[Activity]:
Leaving pictures out, repeat word for word the line that has "14K White Gold Matching Wedding Band" and each line that follows it to the end of the listing.

BEGIN Supplied records

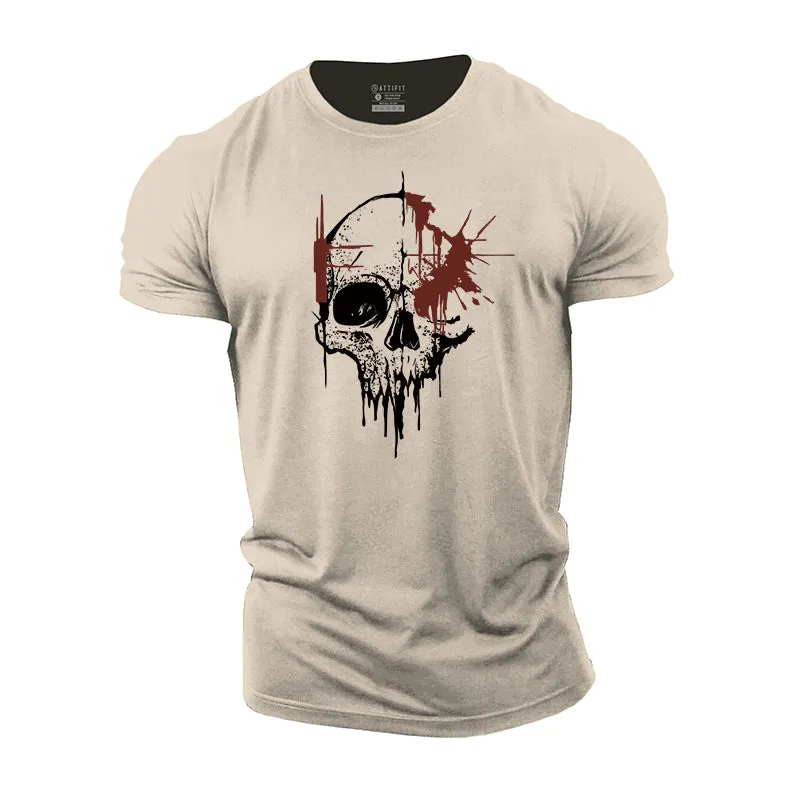 Dripping Skull Cotton T-Shirts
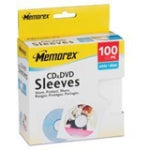 32021961 Imation Memorex CD/DVD Sleeves (100-Pack)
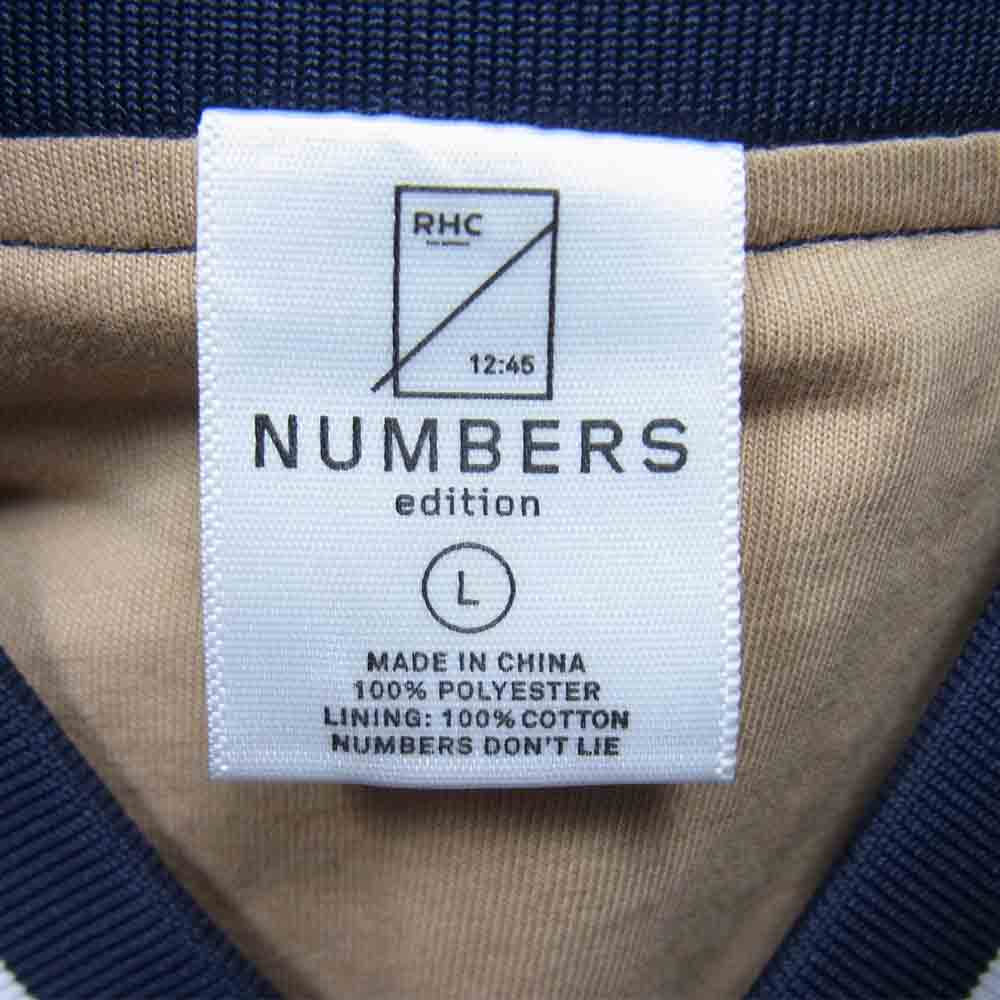 Ron Herman ロンハーマン × Numbers Edition RHC刺繍 ナンバーズ エディション ブルゾン スタジャン ネイビー系 L【中古】
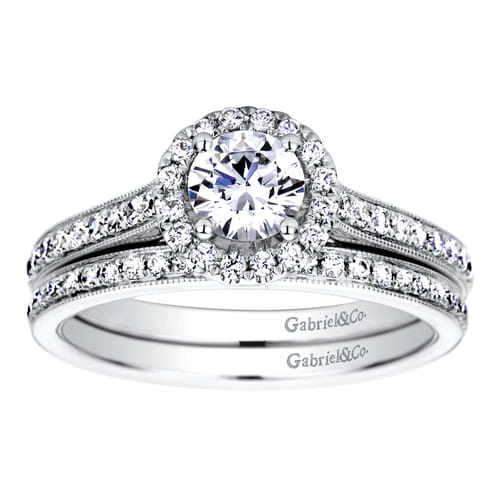14K White Gold Matching Wedding Band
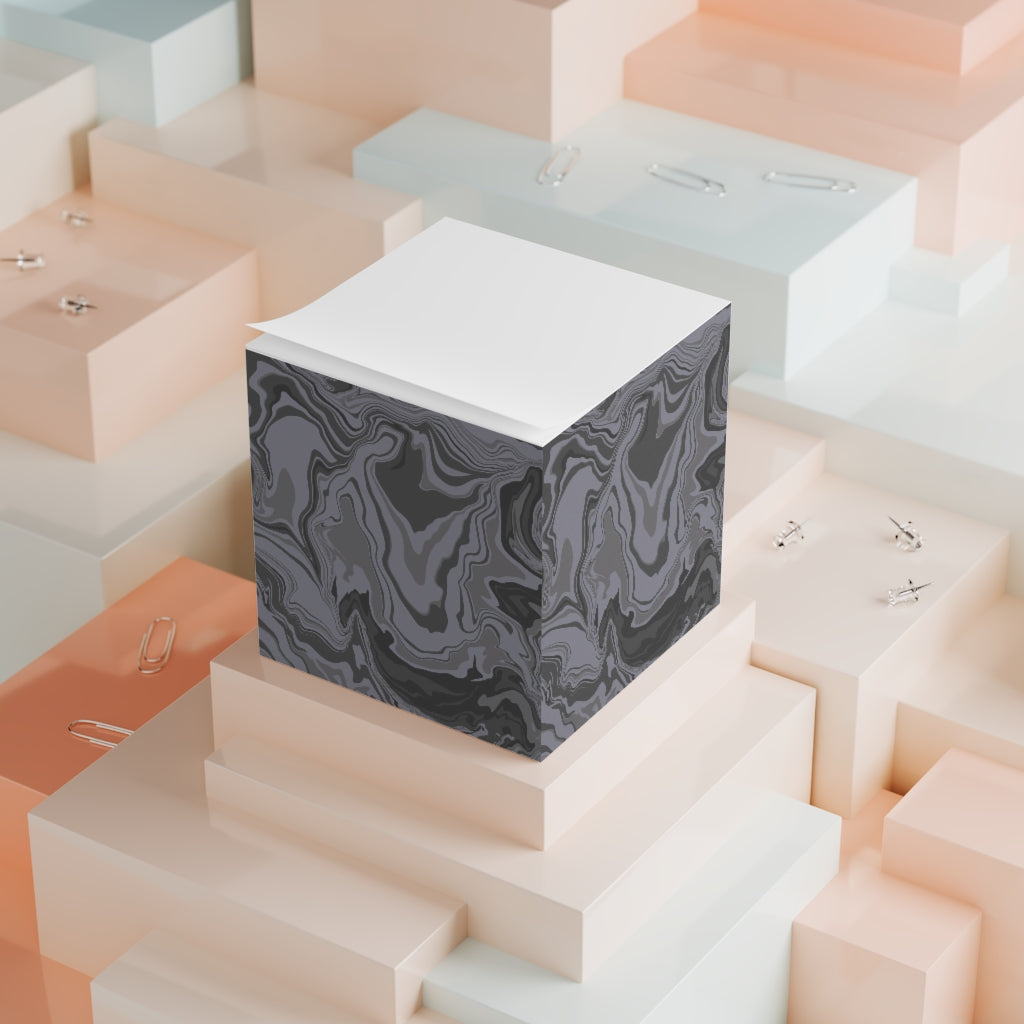 Note Cube  "Marble Fluid"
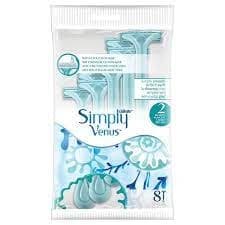 Gillette Simply Venus 2 Womens Disposable Razors 8 Count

END Supplied records

[Reply to the task]:
14K White Gold Matching Wedding Band
 Note Cube  "Marble Fluid"
 Gillette Simply Venus 2 Womens Disposable Razors 8 Count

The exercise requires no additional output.